Sales for the existing Lifeway Foods line increased by $4,005,377 (approximately 27%) to $18,929,453 during the nine month period ended September 30, 2006 from $14,924,076 during the same nine month period in 2005. This increase is primarily attributable to increased sales and awareness of Lifeway’s existing drinkable dairy products including La Fruta, its flagship line, Kefir, as well as Lifeway’s new kids kefir drink, Probugsä.
Cost of goods sold, as a percentage of sales for the Lifeway Foods line was approximately 59% during the nine month period ended September 30, 2006, compared to about 60% during the same period in 2005. Even though Lifeway’s second largest cost of goods sold component, freight, increased 66% during the nine month period in 2006 compared to the same period in 2005, Lifeway was able to maintain a similar cost of goods level as in 2005 by maximizing its production efficiency. We expect to see the cost of freight to decrease during the fourth quarter 2006.

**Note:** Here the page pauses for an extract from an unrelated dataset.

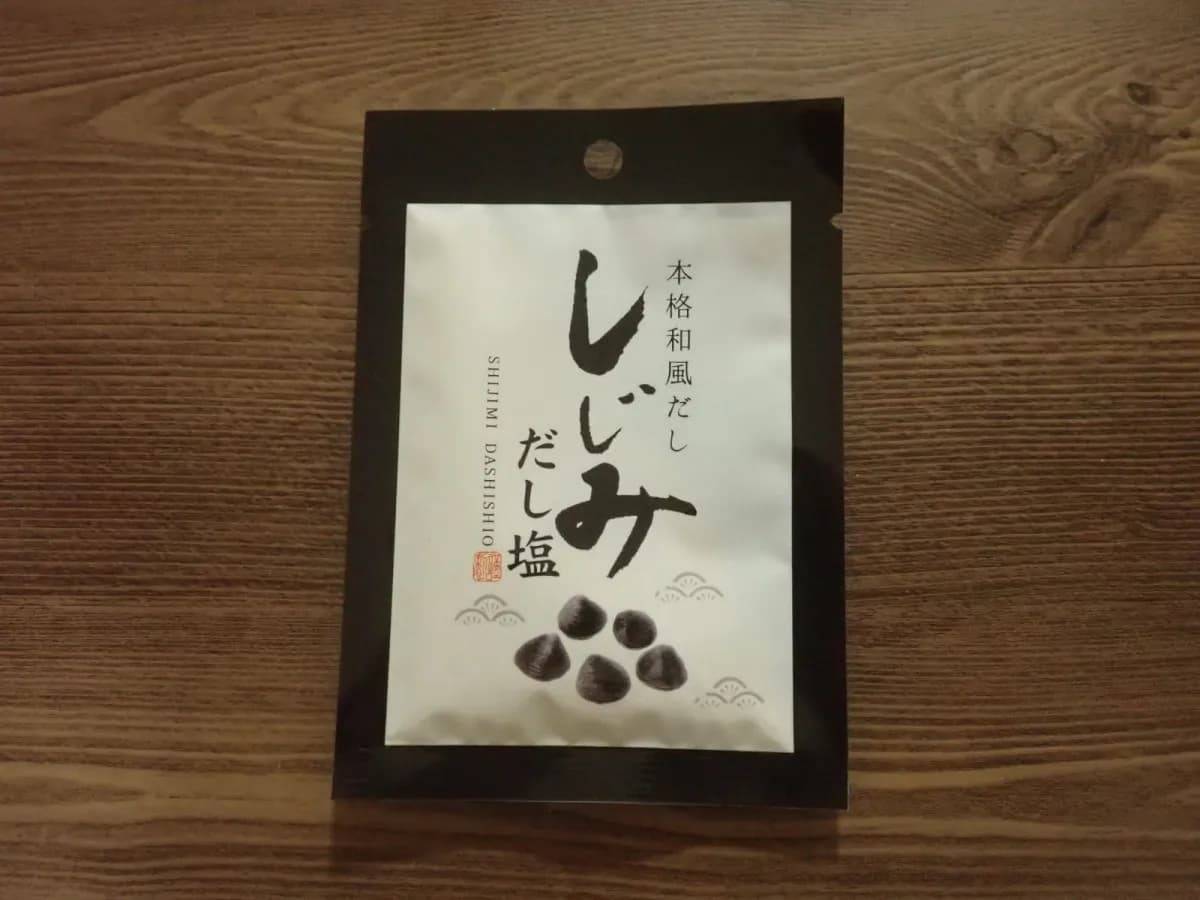 ダイソー三角屋水産 しじみだし塩 20g−１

Total other income for the nine months ended September 30, 2006 was $362,965, compared with $500,520 during the same period in 2005. This decrease is primarily attributable to a $158,788 increase in interest expense, which includes approximately $56,000 in interest related to a $4.2 million note payable issued in connection with the Helios acquisition in July 2006, which was absent in 2005. The $4.2 million note payable is discussed in Note 8 of the Notes to Consolidated Financial Statements.

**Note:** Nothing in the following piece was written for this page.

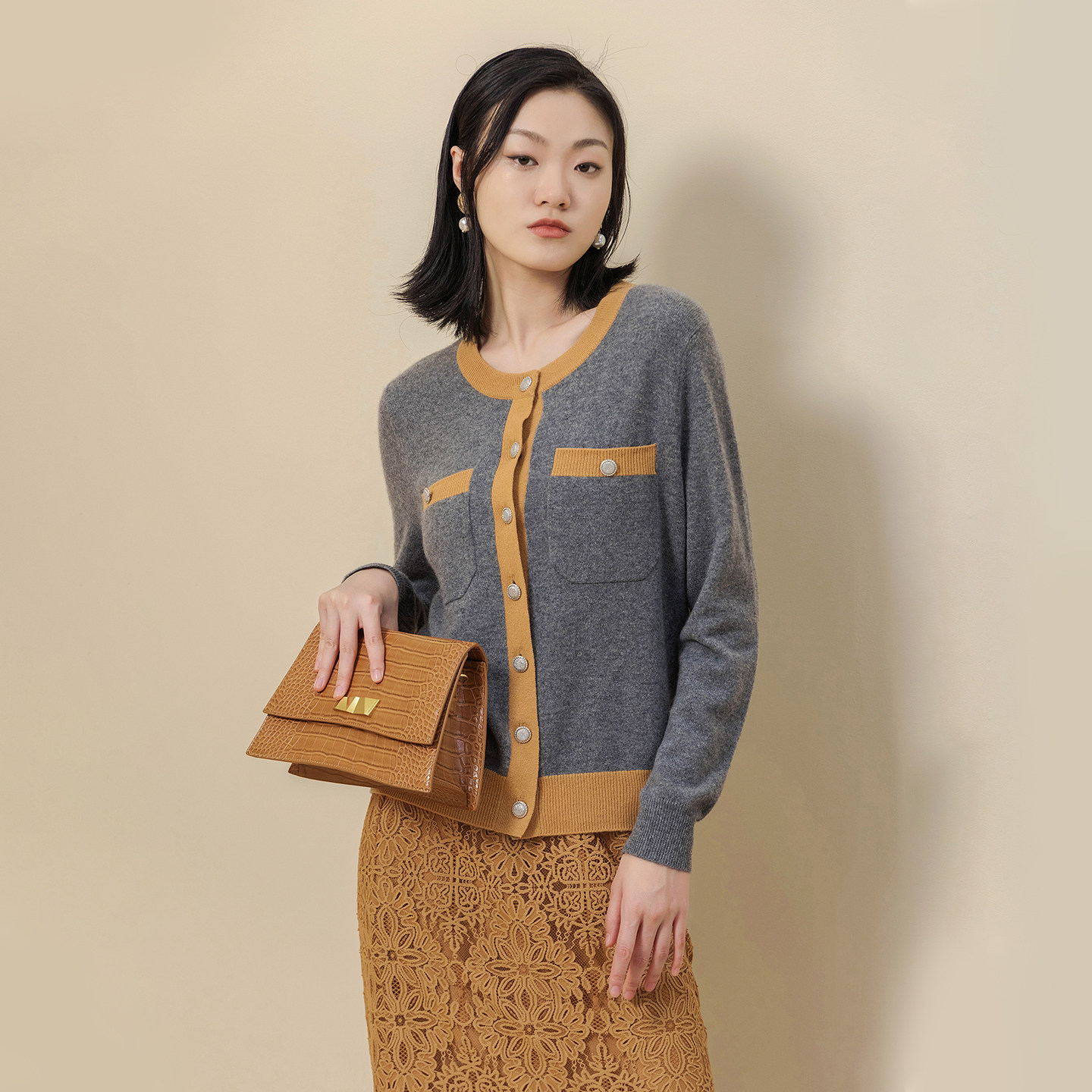 鹿王羊绒开衫女士圆领小香风平针舒适保暖气质撞色针织春秋冬新款,淘宝优惠券,粉丝福利购,淘宝优惠卷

Total net income for the group was $2,384,661, or $.14 per split adjusted share for the nine months ended September 30, 2006, compared with $1,841,185 or $.11 per split adjusted share in the same period in 2005. This represents a 30% year over year increase.
Sources and Uses of Cash
Net cash used in investing activities was $3,079,769 during the nine months ended September 30, 2006, which is a decrease of $2,375,224 compared to the same period in 2005. This decrease is primarily due to the Company’s purchase of a storage and distribution facility in 2005 of approximately $4.2 million. The company also used $2,514,679 net of cash acquired to purchase Helios Nutrition. The acquisition is discussed in Note 1 of the Notes to Consolidated Financial Statements.
Net cash used by financing activities was $970,776 during the nine months ended September 30, 2006, which is an increase of $3,554,853 compared to $2,574,077 of net cash provided by financing activities during the same period in 2005. This decrease is primarily attributable to the Company financing the purchase of the above mentioned facility in 2005. The Company took out a $3 million dollar note that has a maturity of 5 years, at an interest rate of 5.6%. The Company also purchased 89,682 shares of its treasury stock at a cost of $549,863 in the first nine months of 2006. In the first nine months of 2005, the Company purchased 100,000 shares of its treasury stock at a cost of $401,554 in the first nine months of 2005.

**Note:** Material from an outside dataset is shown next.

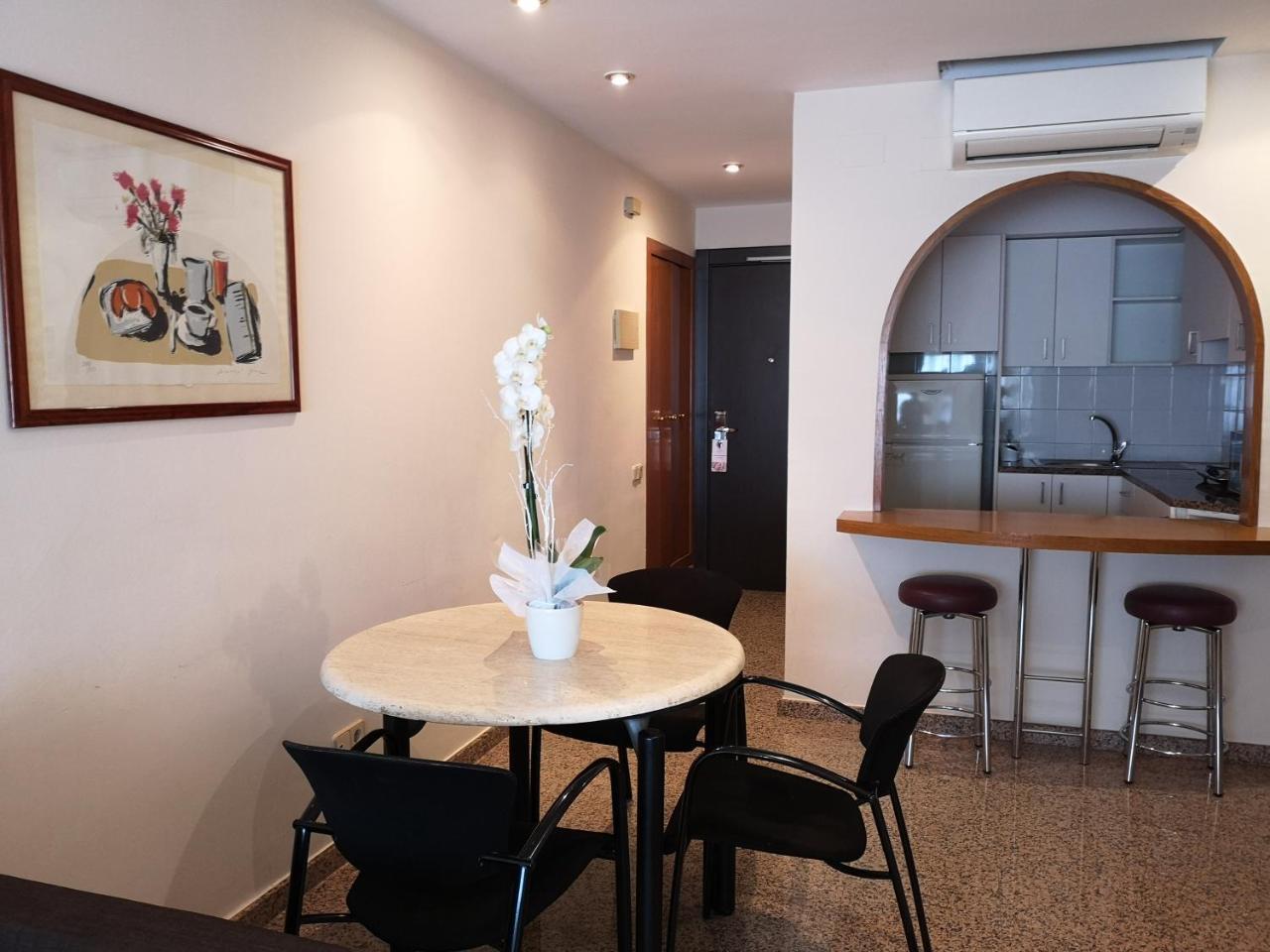 Hotel Urh Ciutat De Mataró Zewnętrze zdjęcie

Significant portions of our assets are held in marketable securities. The majority of our marketable securities are classified as available-for-sale on our balance sheet, while the mortgage-backed securities are classified as trading. All of these securities are stated thereon at market value as of the end of the applicable period. Gains and losses on the portfolio are determined by the specific identification method.
We anticipate being able to fund the Company’s foreseeable liquidity requirements internally. We continue to explore potential acquisition opportunities in our industry in order to boost sales while leveraging our distribution system to consolidate and lower costs.
Other Developments
On May 23, 2005, Lifeway’s Board of Directors approved awards of an aggregate amount of 5,600 shares to be awarded under its Employee and Consulting Services and Compensation Plan to certain employees and consultants for services rendered to the Company. The stock awards were made on June 1, 2005 and have vesting periods of one year. The expense for the awards is measured as of June 1, 2005 at $12.50 per share for 5,600 shares, or a total stock award expense of $70,000. This expense will be recognized as the stock awards vest in 12 equal portions of $5,833, or 466 shares per month for one year.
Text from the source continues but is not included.